This is not meant to be tutorial on the OCaml language itself, but rather on some of the features and libraries of Stanc3 which may not be familiar to developers who do have some OCaml exposure.
We use Jane Street's Core standard library. There are a few differences from the OCaml standard library which are instantly noticeable:
Most higher-order functions such as List.map
take a named function argument.
This means a call like List.map square [1;2;3]
will look like List.map ~f:square [1;2;3]
.
Core defaults to safe operations which return options rather than possibly erring.
In "normal" OCaml, List.hd
has type 'a list -> 'a
. A call List.hd []
will throw an exception. By contrast, in the Jane Street libraries, the same function has type 'a list -> 'a option
.
Usually, a function with the suffix _exn
recovers the original signature, e.g. List.hd_exn : 'a list -> 'a
.
If for some reason you need functionality from the OCaml standard library that is not available in Jane Street (be sure to triple check), you can use the modules Stdlib
and Caml
to access the built-in versions. Currently there is only one such usage in the compiler, to use the standard definition of !=
in the Menhir parser.
There are a few other things we gain from these libraries. The most important idea to understand is deriving.
If you look at a type declaration of something like Ast.typed_expression
, you'll notice something curious after the declaration:
type typed_expression = (typed_expr_meta, fun_kind) expr_with
[@@deriving sexp, compare, map, hash, fold]
When using an editor that supports code completion, you may notice that the Ast
module suggests functions which are not defined in the actual source text. This is because these functions are created at compile time by ppx_deriving
.The above syntax [@@deriving ...]
indicates which functions we would like to be generated.
These are very helpful - if a type derives hash
, it can automatically be used as keys in Jane Street's hash tables, and a type which derives sexp
can be serialized to Lisp-style S-Expressions. Most of our major types derive at least one function.
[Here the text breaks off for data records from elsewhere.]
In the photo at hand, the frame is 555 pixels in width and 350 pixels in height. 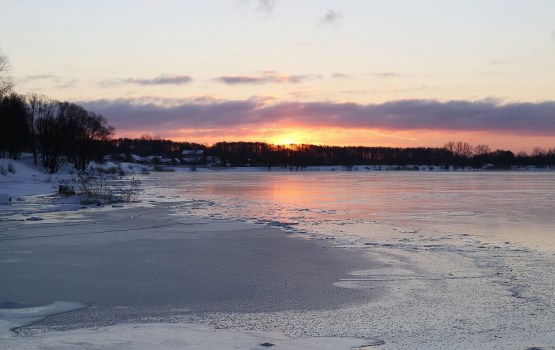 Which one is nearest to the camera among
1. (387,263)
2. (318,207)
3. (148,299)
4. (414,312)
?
(414,312)

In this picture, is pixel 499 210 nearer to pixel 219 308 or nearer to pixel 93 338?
pixel 219 308

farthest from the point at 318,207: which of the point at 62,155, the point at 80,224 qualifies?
the point at 62,155

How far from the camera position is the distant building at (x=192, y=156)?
16145 centimetres

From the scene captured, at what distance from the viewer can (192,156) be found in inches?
6826

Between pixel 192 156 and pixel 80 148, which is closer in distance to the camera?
pixel 80 148

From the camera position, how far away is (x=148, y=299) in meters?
6.30

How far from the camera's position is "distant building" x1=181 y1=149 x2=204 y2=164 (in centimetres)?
16145

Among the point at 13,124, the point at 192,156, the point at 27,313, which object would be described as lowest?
the point at 27,313

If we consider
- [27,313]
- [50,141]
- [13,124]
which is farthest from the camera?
[50,141]

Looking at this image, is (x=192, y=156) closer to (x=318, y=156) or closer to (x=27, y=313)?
(x=318, y=156)

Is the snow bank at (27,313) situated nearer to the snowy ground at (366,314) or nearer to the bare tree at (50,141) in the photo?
the snowy ground at (366,314)

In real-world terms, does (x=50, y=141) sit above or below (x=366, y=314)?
above

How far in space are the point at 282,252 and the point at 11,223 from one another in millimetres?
8159

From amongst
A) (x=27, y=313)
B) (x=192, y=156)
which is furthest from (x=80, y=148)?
(x=192, y=156) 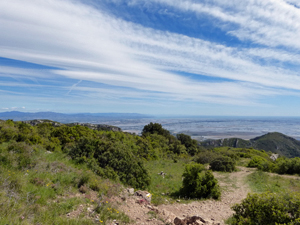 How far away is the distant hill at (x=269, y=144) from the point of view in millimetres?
67062

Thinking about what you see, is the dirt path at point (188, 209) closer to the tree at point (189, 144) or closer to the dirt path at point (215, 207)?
the dirt path at point (215, 207)

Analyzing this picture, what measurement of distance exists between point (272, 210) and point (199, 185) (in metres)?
6.11

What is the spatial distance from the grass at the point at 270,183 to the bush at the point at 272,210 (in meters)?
8.76

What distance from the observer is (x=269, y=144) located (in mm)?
71312

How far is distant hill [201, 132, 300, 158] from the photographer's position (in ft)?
220

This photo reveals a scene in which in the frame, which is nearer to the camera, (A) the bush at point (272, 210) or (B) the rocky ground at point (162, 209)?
(A) the bush at point (272, 210)

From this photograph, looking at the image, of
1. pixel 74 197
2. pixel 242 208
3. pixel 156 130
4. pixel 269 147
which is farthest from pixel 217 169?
pixel 269 147

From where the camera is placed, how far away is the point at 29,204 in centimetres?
425

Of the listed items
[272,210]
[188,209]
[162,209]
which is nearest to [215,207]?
[188,209]

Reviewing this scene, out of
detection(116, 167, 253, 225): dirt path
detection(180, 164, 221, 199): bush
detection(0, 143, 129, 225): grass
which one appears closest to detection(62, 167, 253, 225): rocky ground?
detection(116, 167, 253, 225): dirt path

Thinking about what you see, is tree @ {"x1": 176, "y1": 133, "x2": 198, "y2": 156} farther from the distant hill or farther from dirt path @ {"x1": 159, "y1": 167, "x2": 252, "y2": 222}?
dirt path @ {"x1": 159, "y1": 167, "x2": 252, "y2": 222}

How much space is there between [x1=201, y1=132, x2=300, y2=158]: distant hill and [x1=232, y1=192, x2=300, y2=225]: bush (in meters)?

The other curious thing about the types we define in our AST and MIR is that they use a trick known as "two level types". This allows re-using the same type structure with different amounts of metadata attached (e.g., before type checking we have an untyped_program
which only has nodes and their source locations, after type checking we have typed_program
which features nodes, locations, and types, in the same basic tree structure.
The way that this is implemented is a bit non-obvious at first. Essentially, many of the tree variant types are parameterized by something that ends up being a placeholder not for just metadata but for the recursive type including metadata, sometimes called the fixed point. So instead of recursively referencing expression
, you would instead reference type parameter 'e
, which will later be filled in with something like type expr_with_meta = metadata expression
.
This takes some getting used to, and also can lead to some unhelpful type signatures in editors such as VSCode, because abbreviations are not always used in hover-over text. For example, Expr.Typed.t
, the MIR's typed expression type, actually has a signature of Expr.Typed.Meta.t Expr.Fixed.t
.
Fmt
library and pretty-printingWe extensively use the Fmt library for our pretty-printing and code generation. We have an existing guide on the wiki which covers the core ideas.